Se reconnecter avec la Terre-Mère
Au départ, c’était cette question qui m’habitait le plus : qu’allons-nous leur laisser à ces générations ? Nos ancêtres ont toujours protégé le Nitassinan et nous, qu’allons-nous laisser à ceux et celles qui viendront après nous ? Mais plus j’avançais, plus je pensais à mes ancêtres et plus je savais que cette marche me reconnectait avec la Terre-Mère. Ce fut une reconnection avec mon identité, celle d’une femme innue qui croit en la protection du Nitassinan. À un moment, j’avoue que j’ai voulu abandonner ; mais mon père m’a soutenue en me disant que je devais terminer ce que j’avais commencé.

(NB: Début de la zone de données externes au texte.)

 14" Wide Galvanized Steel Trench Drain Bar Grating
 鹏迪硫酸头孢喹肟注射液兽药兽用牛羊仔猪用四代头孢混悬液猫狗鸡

Plus je cheminais et plus je savais que ce n’était pas seulement pour mes enfants et petits-enfants, mais pour toutes les générations futures de la planète que nous faisions cette marche. Notre Terre-Mère nous laisse encore marcher sur elle, mais pour combien de temps si nous continuons de détruire notre habitat ?
Une fois à Montréal, nous avons manifesté devant le siège social d’Hydro-Québec. C’est là que nous avons fait la rencontre des étudiants et des étudiantes en grève. Je me rappelle qu’ils et elles criaient : « À QUI LA RUE ? À NOUS LA RUE ! » en venant appuyer notre manifestation. Ils et elles croyaient en leur grève sans doute autant que je croyais en notre marche. De cette rencontre bénéfique, des solidarités ont pu naître. Le soutien des étudiants et des étudiantes a contribué à donner un peu plus de visibilité à notre marche. Nous partagions notre forte opposition au gouvernement, considérant, pour notre part, qu’il niait nos droits, tandis que les étudiants et étudiantes décriaient son obstination à ne pas reconnaître leurs revendications. Un beau lien s’est créé après cette rencontre.
Photo : Annabelle Fouquet
Jour de la Terre
Puis, le jour J est enfin arrivé. Imaginez, lors du Jour de la Terre 2012, j’ai parlé devant 300 000 personnes rassemblées au centre-ville de Montréal, pour dire entre autres : « MAMU MAUAT TSHIEUTIN ATUSSEUN. NON AU PLAN NORD ! » Je crois encore, dix ans plus tard, que nous devons penser aux générations futures pour qu’elles aussi aient un territoire où respirer l’air pur. Arrêtons de détruire le Nitassinan ! Cette lutte et celle pour protéger la Terre-Mère sont loin d’être terminées. Elles doivent faire appel au plus grand nombre possible. Aujourd’hui, je travaille avec les jeunes de ma communauté, je leur enseigne la danse de pow-wow, une autre manière de les reconnecter avec notre Terre-Mère et d’apprendre à la respecter, à faire attention à elle pour qu’elle nous laisse toujours continuer à marcher et danser sur elle ! Nous appartenons tous à la Terre et nous sommes tous et toutes les gardiens et gardiennes du Nitassinan ! J’espère que notre marche et notre témoignage continueront d’inspirer le courage de poursuivre le combat.